Srijessadarak Thanaporn, Arayawichanon Preeda, Kanpittaya Jaturat, Boonprakob Yodchai
Faculty of Associated Medical Sciences, School of Physical Therapy, Khon Kaen University, Khon Kaen 40002, Thailand.
Faculty of Medicine, Research Institute for Human High Performance and Health Promotion, Khon Kaen University, Khon Kaen 40002, Thailand.
Healthcare (Basel). 2022 May 20;10(5):950. doi: 10.3390/healthcare10050950.
Scapulocostal syndrome (SCS) is a subset of myofascial pain syndrome affecting the posterior shoulder and upper back area. Some of the affected muscles are attached to the rib cage, which may affect diaphragmatic mobility and chest expansion. The purpose of this study was to investigate the characteristics of diaphragmatic mobility and chest expansion in patients with SCS. Twenty-nine patients with SCS and twenty-nine healthy participants of a similar age, gender, weight, and height were included in the study.
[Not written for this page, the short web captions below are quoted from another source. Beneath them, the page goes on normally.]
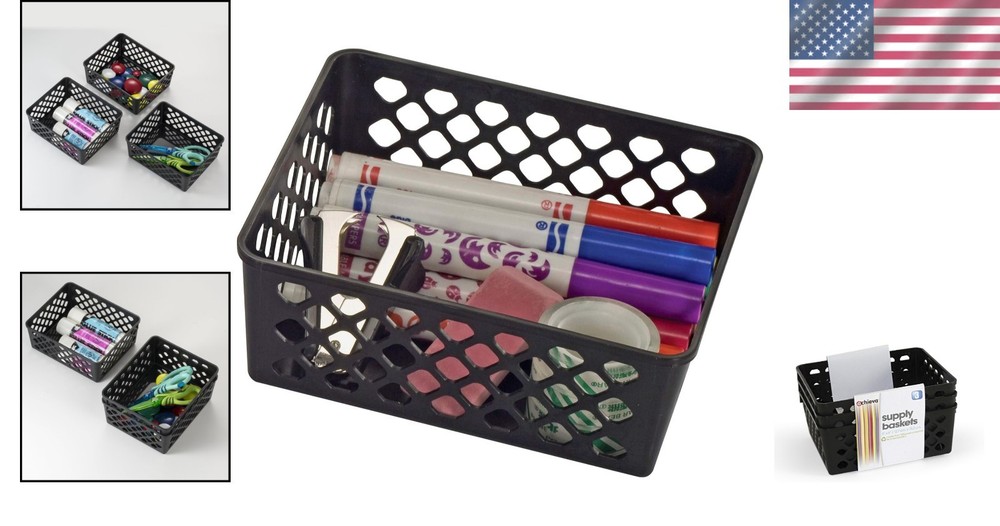 Compact Black Supply Baskets (3-Pack) for Efficient Home and Office Organization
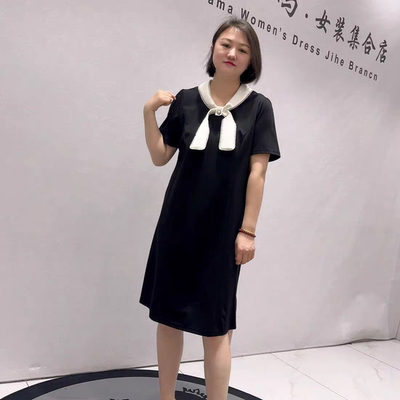 1828芮娜依莲初夏新品天丝罗马面料设计感衣领减龄连衣裙加大码
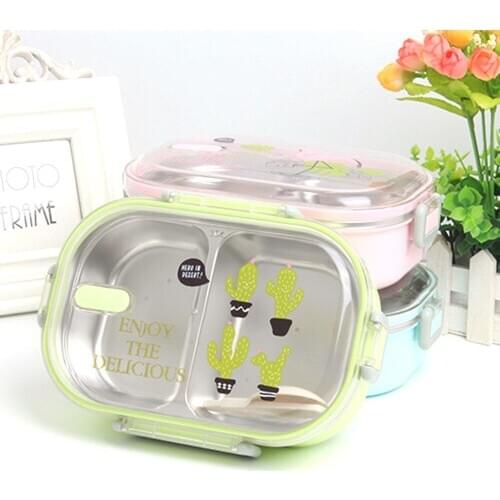 Japanese Lunch Box Portable With Compartments Tableware 304 Stainless Steel Kids Bento Box Microwave Food Container Tableware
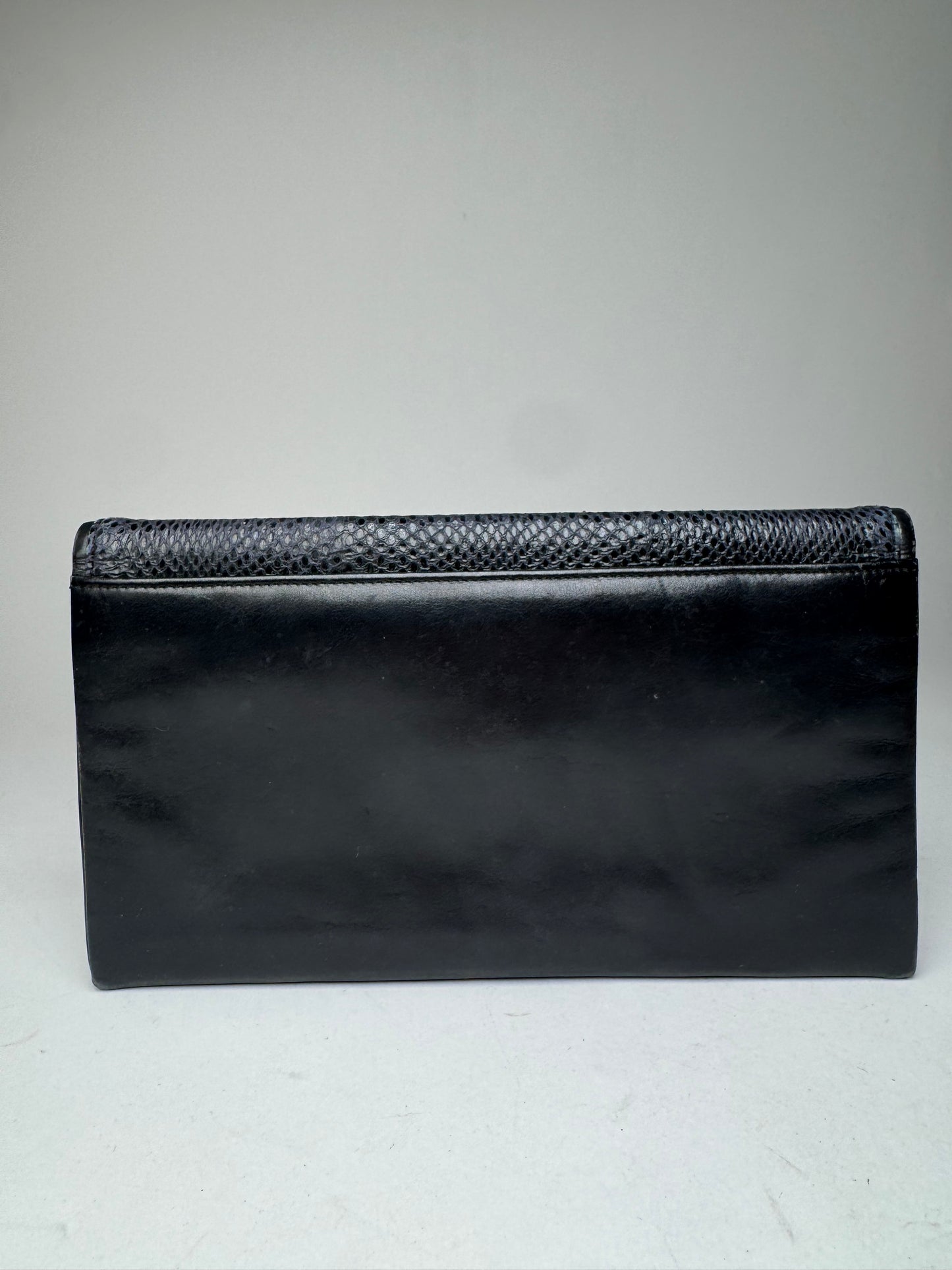 Vintage Givenchy Snake Emblossed Leather Clutch black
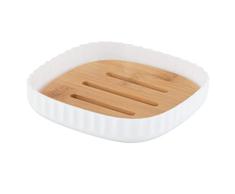WENKO Jabonera Rotello, bandeja para el jabÃ³n, plÃ¡stico de calidad y detalles de bambÃº natural para guardar con estilo las pastillas de jabÃ³n, (An. x A x P): 10,6 x 2,1 x 10,6 cm, blanco/natural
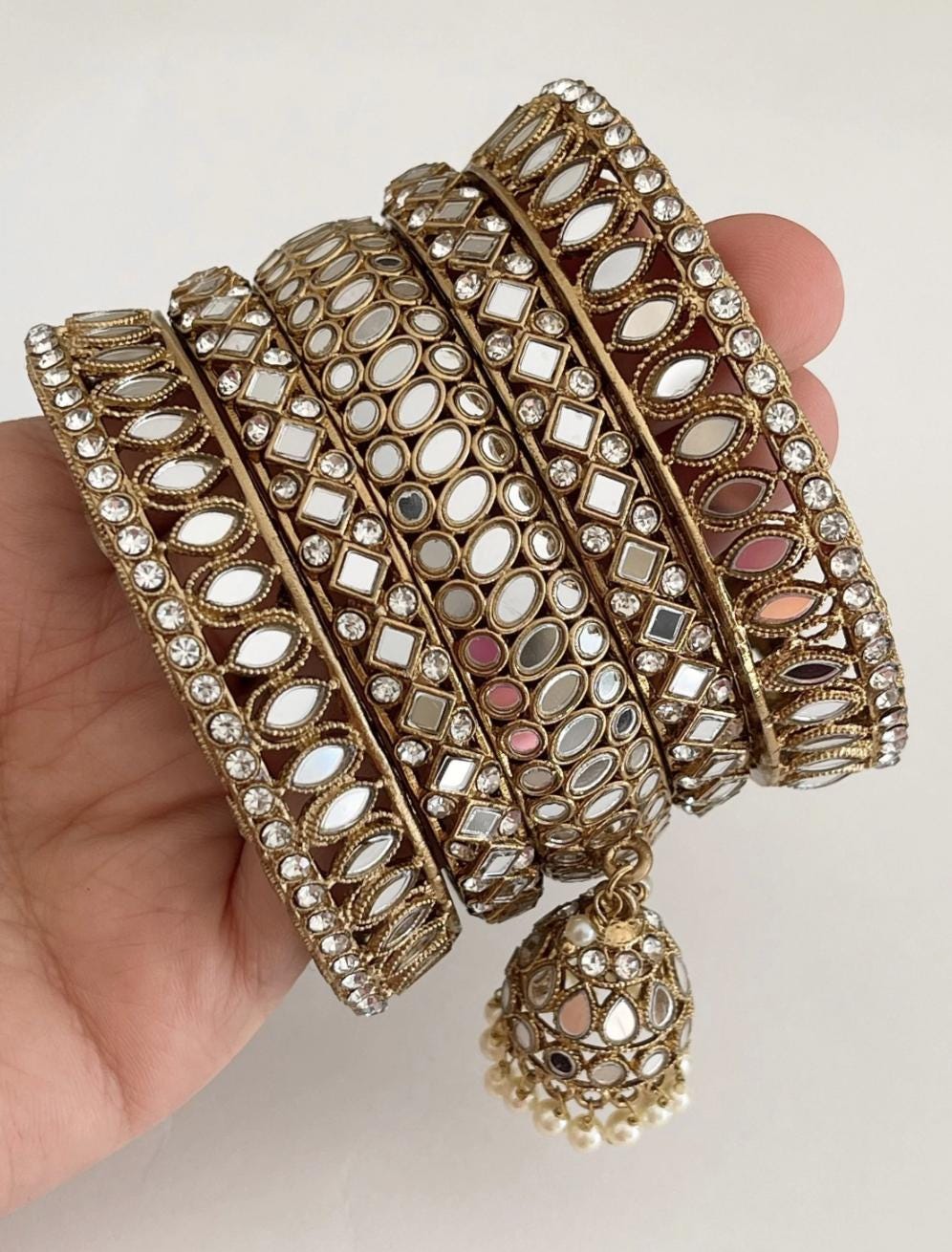 Punjabi Mirror chuda bangles set/Punjabi Mirror jhumka bangles set/Kangans/Statement bangles/Indian jewelry/wedding jewelry/
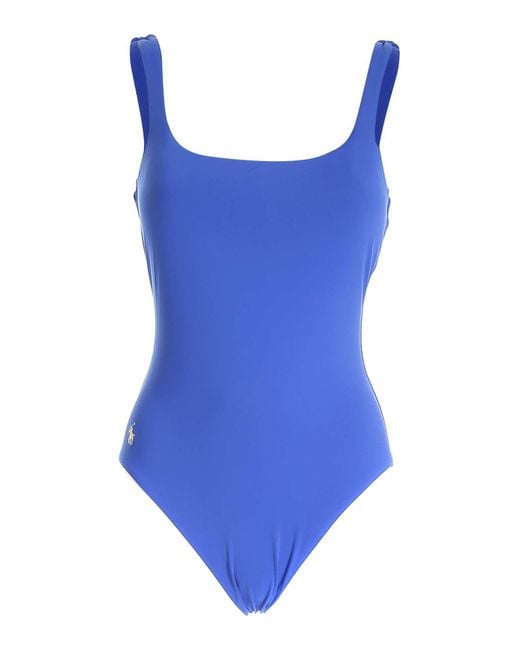 Polo Ralph Lauren Logo One-piece Swimsuit in Blue | Lyst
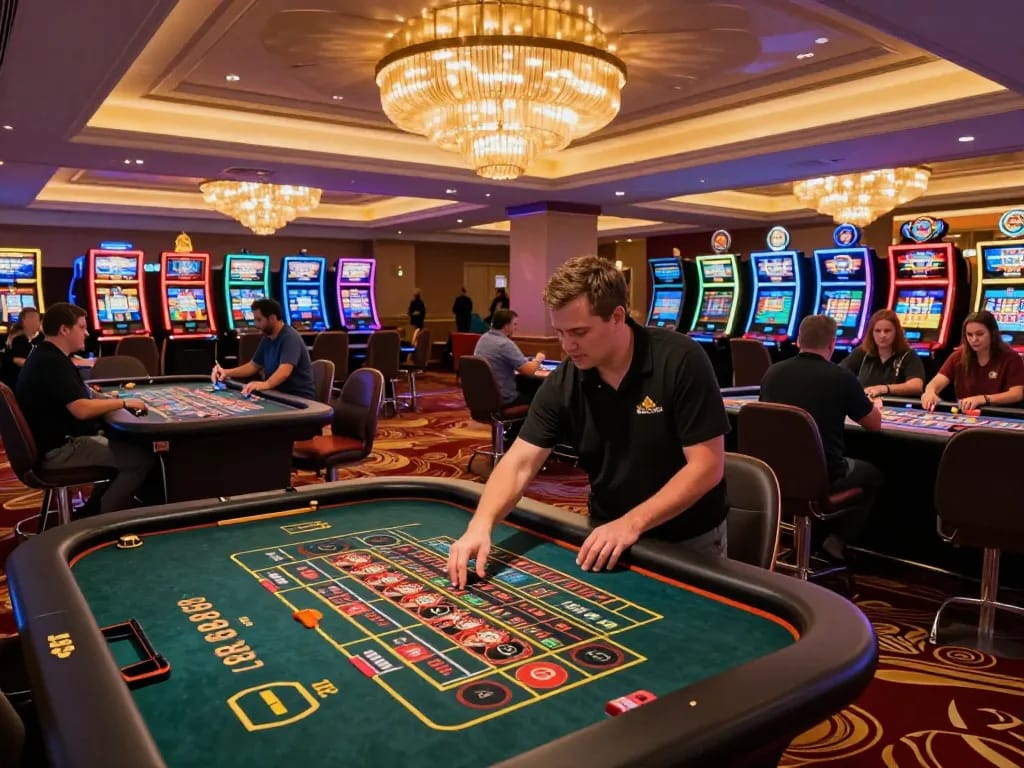 Players experiencing the thrill of betting at 888B’s modern casino gaming floor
All participants were evaluated for diaphragmatic mobility (DM) by real-time ultrasound (RTUS) and for chest expansion (CE) using a cloth tape measure. An independent t-test was used to compare the outcome variables between groups. The DM value in the SCS group was 46.24 ± 7.26 mm, whereas in the healthy group it was 54.18 ± 9.74 mm. The DM value was lower in the SCS group compared to in healthy participants (p < 0.05). Chest expansion at the axilla, the fourth intercostal space (4th ICS), and the xiphoid level in the SCS group was 7.26 ± 1.13, 6.83 ± 0.94, and 6.86 ± 1.25, respectively, while chest expansion at the axilla, 4th ICS, and xiphoid level in the healthy group was 7.92 ± 1.39, 7.54 ± 1.43, and 8.13 ± 1.32, respectively. Chest expansion at the 4th ICS and the xiphoid level in the SCS group was significantly lower than in the healthy group (p < 0.05). Patients with SCS presented a decrease in diaphragmatic mobility and chest expansion. Therefore, SCS treatment programs ought to add breathing exercises to improve lung expansion.
肩胛胸壁综合征(SCS)是肌筋膜疼痛综合征的一个子集,影响后肩部和上背部区域。一些受影响的肌肉附着于胸廓,这可能会影响膈肌活动度和胸廓扩张。本研究的目的是调查SCS患者的膈肌活动度和胸廓扩张的特征。本研究纳入了29例SCS患者以及29名年龄、性别、体重和身高相似的健康参与者。所有参与者均通过实时超声(RTUS)评估膈肌活动度(DM),并使用布卷尺评估胸廓扩张(CE)。采用独立t检验比较两组间的结果变量。SCS组的DM值为46.24±7.26mm,而健康组为54.18±9.74mm。与健康参与者相比,SCS组的DM值较低(p<0.05)。SCS组腋窝、第四肋间间隙(第4肋间)和剑突水平的胸廓扩张分别为7.26±1.13、6.83±0.94和6.86±1.25,而健康组腋窝、第4肋间和剑突水平的胸廓扩张分别为7.92±1.39、7.54±1.43和8.13±1.32。SCS组第4肋间和剑突水平的胸廓扩张明显低于健康组(p<0.05)。SCS患者表现出膈肌活动度和胸廓扩张降低。因此,SCS治疗方案应增加呼吸锻炼以改善肺扩张。